CRACKING PROBABILITY & STATISTICS
***
# A Standard Deviation Story

Once there was a football coach who divided his physical education class into groups of five students and, unfair as it may seem, gave everyone in each group the same grade. The grades were based on the average performance of *each* group. Here's how two groups of five students compared in the activity called "pull up". In group one, Fred and John both did 7 pull ups, and the other members of the group did 5, 6 and 8. In group two, *Joe Stat did 16* and the others did 1, 10, 2 and 4. When grade time rolled around, the coach had his student teacher average the grades.

In [14]:
group_1 = [7,7,5,6,8]
group_2 = [16,10,2,1,4]

In [15]:
def list_sum(list_in):
    total = 0
    for item in list_in:
        total += item
    return total

In [16]:
def list_avg(list_in):
    return list_sum(list_in) / len(list_in)

In [17]:
avg_1 = list_avg(group_1)
print("Group 1 Mean Average:",avg_1)

Group 1 Mean Average: 6.6


In [18]:
avg_2 = list_avg(group_2)
print("Group 2 Mean Average:",avg_2)

Group 2 Mean Average: 6.6


As you can see, both groups (everyone) got the same grade. And guess who was mad? You guessed it - Joe Stat. Joe complained about this to the coach, but the grades were already turned in and there was nothing which could be done. The coach said that he would have done something about it, if he had only known, but all he saw were group averages and he wasn't about to look at all the individual scores. Joe resolved to find some way to alert the coach to such large variations in a group's performance, so other stars (such as himself), would not be slighted in the future.

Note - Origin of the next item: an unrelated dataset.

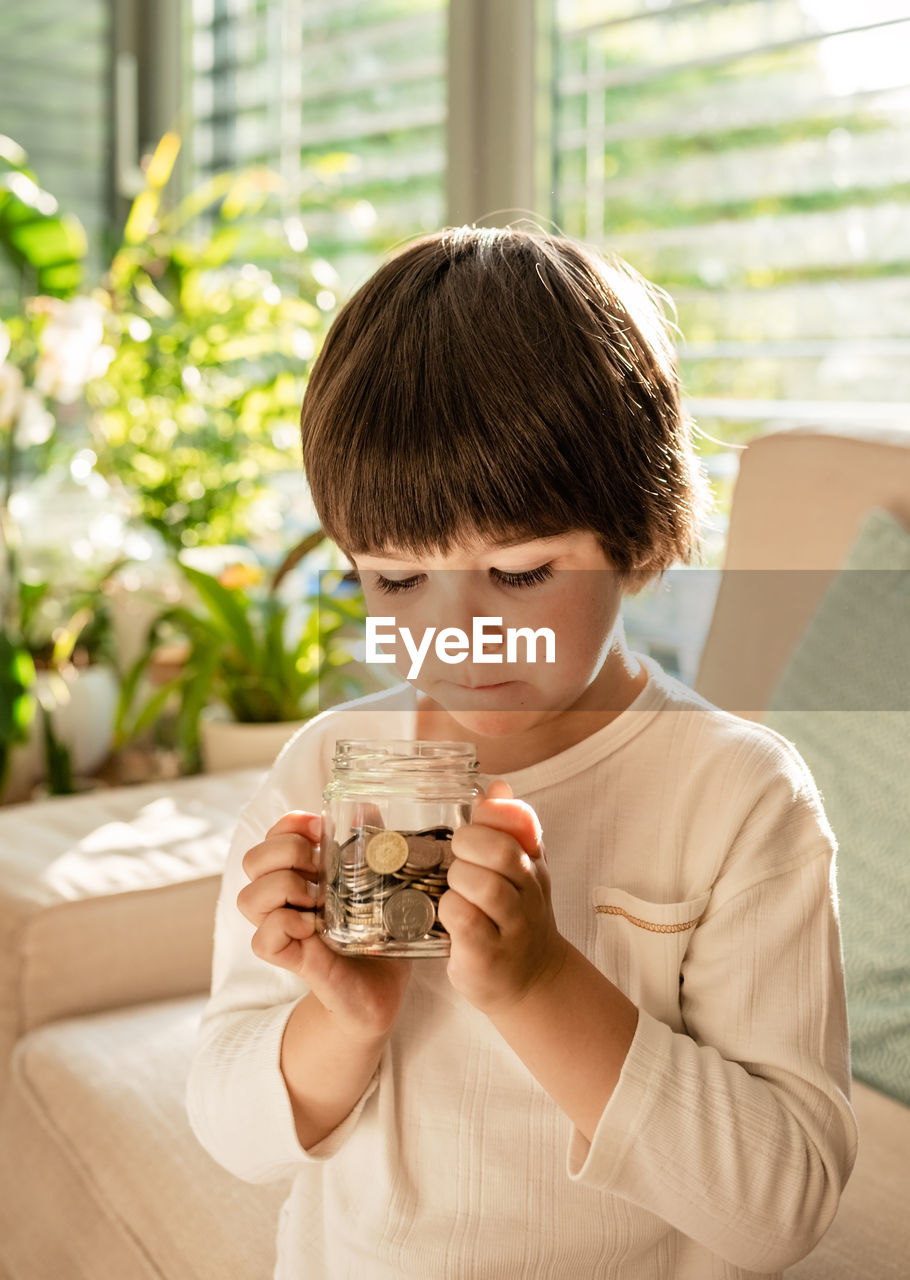 Happy little child holding glass jar full of coins. kid counting money saving from change learning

Later on, Joe took a statistcs class and found what he was looking for - a *measure of how much variation is hidden in averages*. It's called the *standard deviation.*

\begin{equation*}
S.D. = { \sqrt{ \frac{(\sum_{1}^{n} (x-\bar{x})^2)}{N - 1} } }
\end{equation*}

Where $\sum_{1}^{n}$ is a symbol which means the sum from 1 to N.

x represents each score  
$\bar{x}$ represents the average score  
N is the number of scores  

Joe got out his calculator, and found the standard deviation for the two groups of scores. (Remember it was previously calculated that the average score for each group $\bar{x}$, was 6.6.) The scores,

In [19]:
print(f"Group 1: {group_1}\nGroup 2: {group_2}")

Group 1: [7, 7, 5, 6, 8]
Group 2: [16, 10, 2, 1, 4]


In [20]:
import math

In [21]:
# To avoid precision and rounding errors, Python requires us to manually define how we are rounding
def round_half_up(n, decimals=0):
    multiplier = 10 ** decimals
    return math.floor(n*multiplier + 0.5) / multiplier

In [22]:
def get_deviation_from_mean(list_in, mean_avg, sig_figs):
    new_list = []
    for item in list_in:
        new_list.append(round_half_up(item - mean_avg, sig_figs))
    return new_list

In [23]:
# Find the deviation from the mean
deviations_1 = get_deviation_from_mean(group_1, avg_1, 2)
deviations_2 = get_deviation_from_mean(group_2, avg_2, 2)
print("Deviations from the mean:")
print("Group 1:",deviations_1)
print("Group 2:",deviations_2)

Deviations from the mean:
Group 1: [0.4, 0.4, -1.6, -0.6, 1.4]
Group 2: [9.4, 3.4, -4.6, -5.6, -2.6]


In [24]:
print("Deviations from the mean SQUARED:")
print("Group 1:", [round_half_up(i*i,2) for i in deviations_1])
print("Group 2:", [round_half_up(i*i,2) for i in deviations_2])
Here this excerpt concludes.